**EXERCISE DATA**
• • • • •

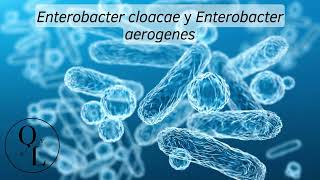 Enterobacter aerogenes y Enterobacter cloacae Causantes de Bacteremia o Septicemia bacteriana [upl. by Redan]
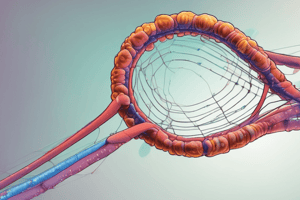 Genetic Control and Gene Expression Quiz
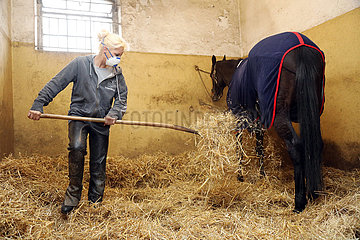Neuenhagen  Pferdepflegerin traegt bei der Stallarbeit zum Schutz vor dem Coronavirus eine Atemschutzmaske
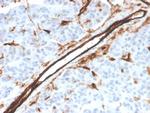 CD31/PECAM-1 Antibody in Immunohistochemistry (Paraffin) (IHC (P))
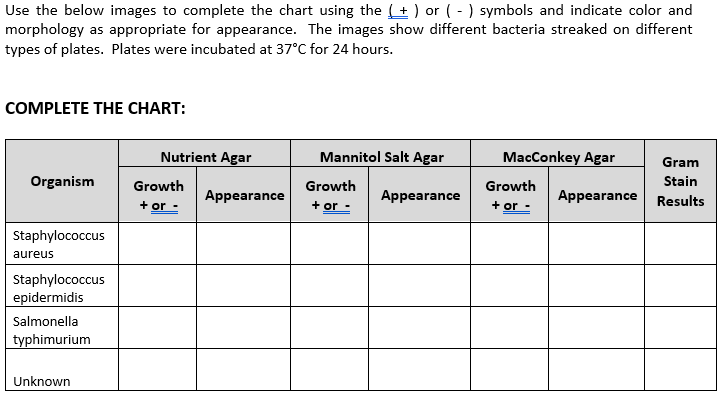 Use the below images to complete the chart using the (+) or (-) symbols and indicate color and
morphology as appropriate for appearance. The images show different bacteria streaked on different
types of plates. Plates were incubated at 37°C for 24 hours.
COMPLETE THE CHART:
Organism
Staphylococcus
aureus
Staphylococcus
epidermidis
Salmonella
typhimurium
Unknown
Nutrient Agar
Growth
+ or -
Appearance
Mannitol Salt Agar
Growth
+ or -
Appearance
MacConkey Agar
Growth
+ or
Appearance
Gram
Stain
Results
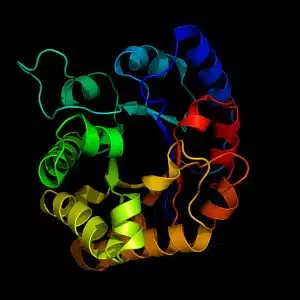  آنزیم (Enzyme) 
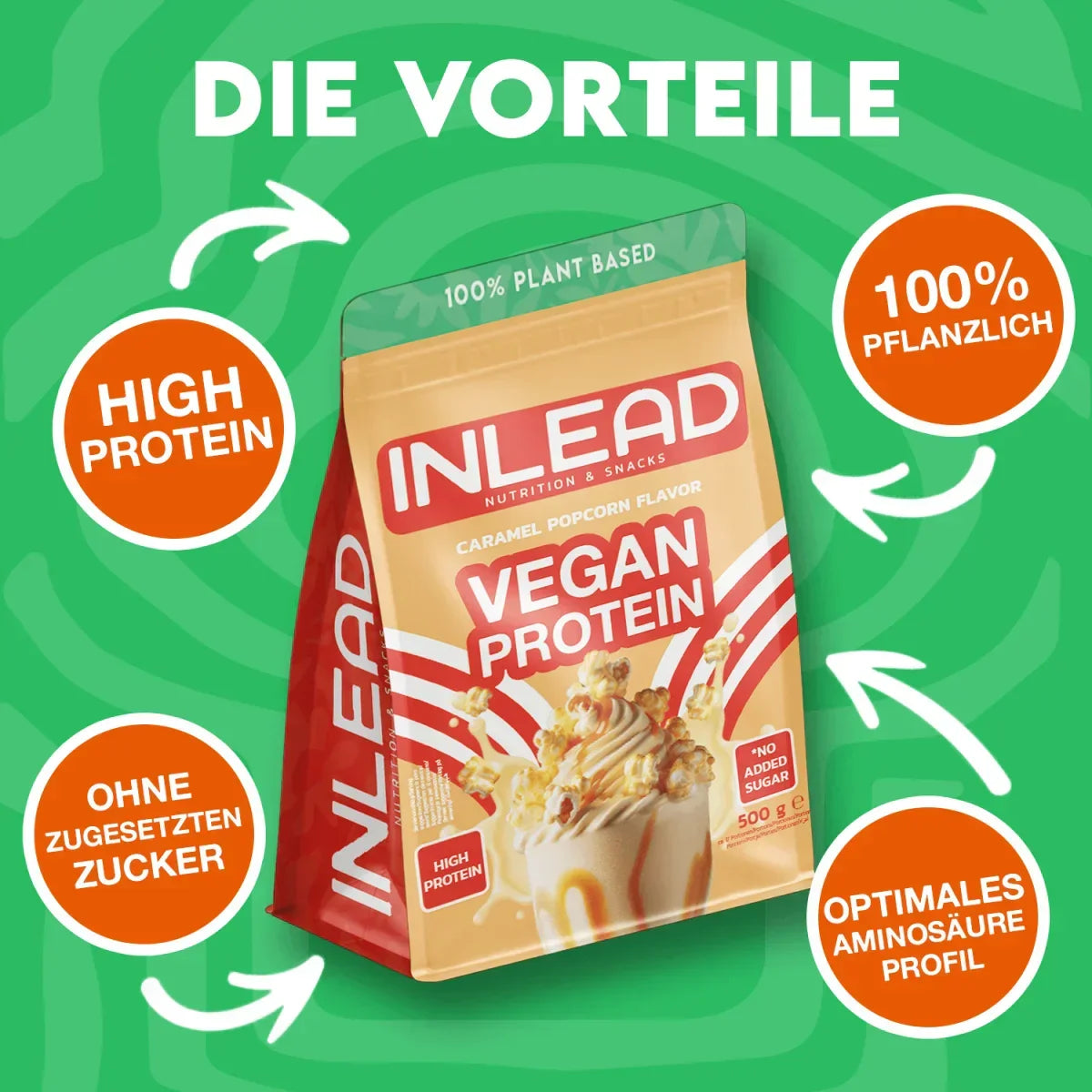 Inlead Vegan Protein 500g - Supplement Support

• • • • •

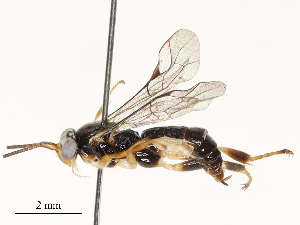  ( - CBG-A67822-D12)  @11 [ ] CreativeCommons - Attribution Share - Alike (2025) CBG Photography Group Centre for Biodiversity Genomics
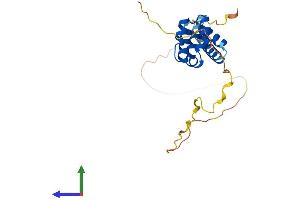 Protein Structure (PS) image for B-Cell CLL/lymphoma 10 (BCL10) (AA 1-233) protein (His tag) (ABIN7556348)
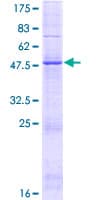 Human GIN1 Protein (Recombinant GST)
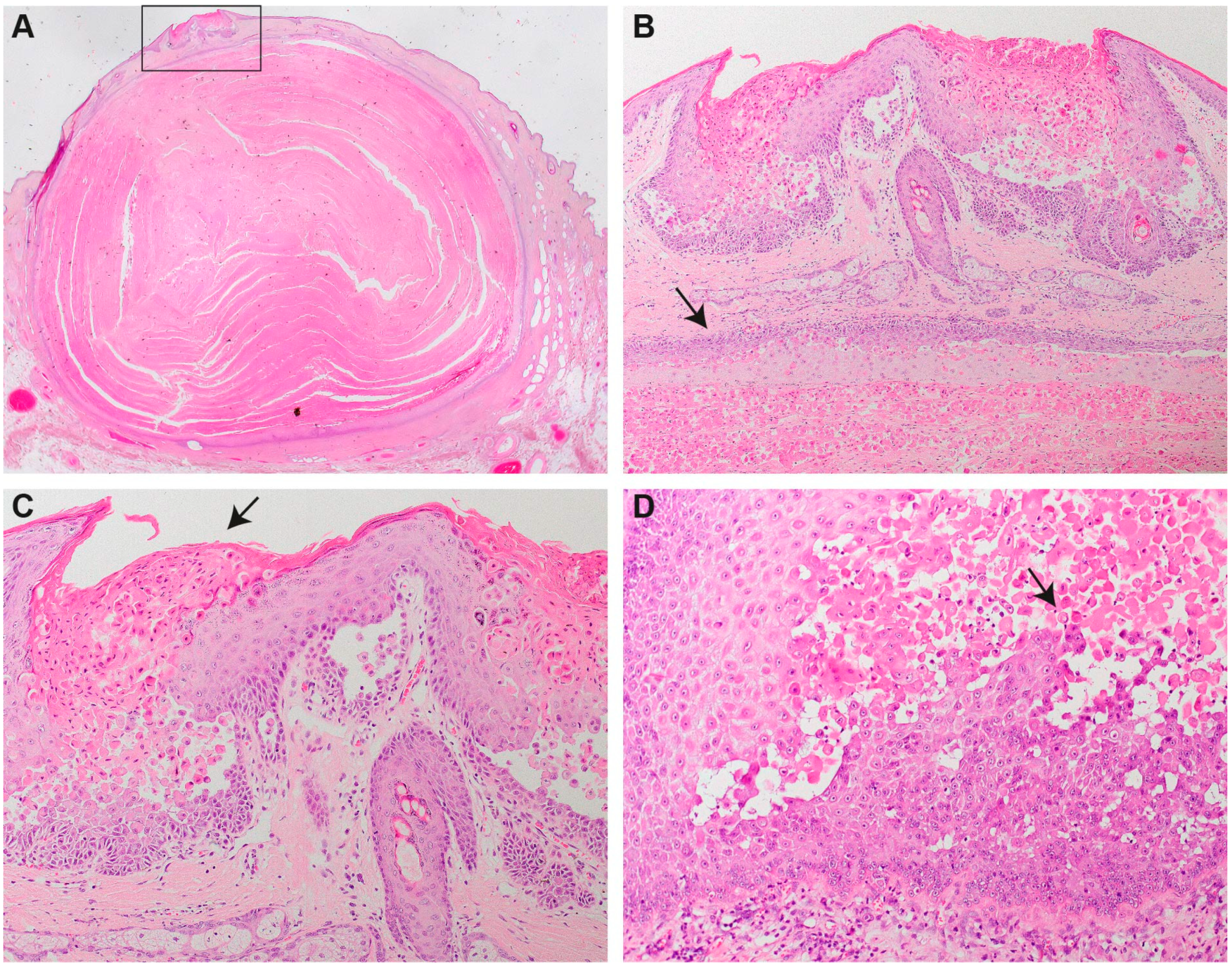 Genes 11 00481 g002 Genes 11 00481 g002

• • • • •

**TASK DIRECTIONS**
Could the stretch from the line with "Genetic Control and Gene Expression Quiz" through the line with "epidermidis" in the listing above be restated word for word, minus the pictures?

**RESPONSE BOX**
 Genetic Control and Gene Expression Quiz
Neuenhagen  Pferdepflegerin traegt bei der Stallarbeit zum Schutz vor dem Coronavirus eine Atemschutzmaske
 CD31/PECAM-1 Antibody in Immunohistochemistry (Paraffin) (IHC (P))
 Use the below images to complete the chart using the (+) or (-) symbols and indicate color and
morphology as appropriate for appearance. The images show different bacteria streaked on different
types of plates. Plates were incubated at 37°C for 24 hours.
COMPLETE THE CHART:
Organism
Staphylococcus
aureus
Staphylococcus
epidermidis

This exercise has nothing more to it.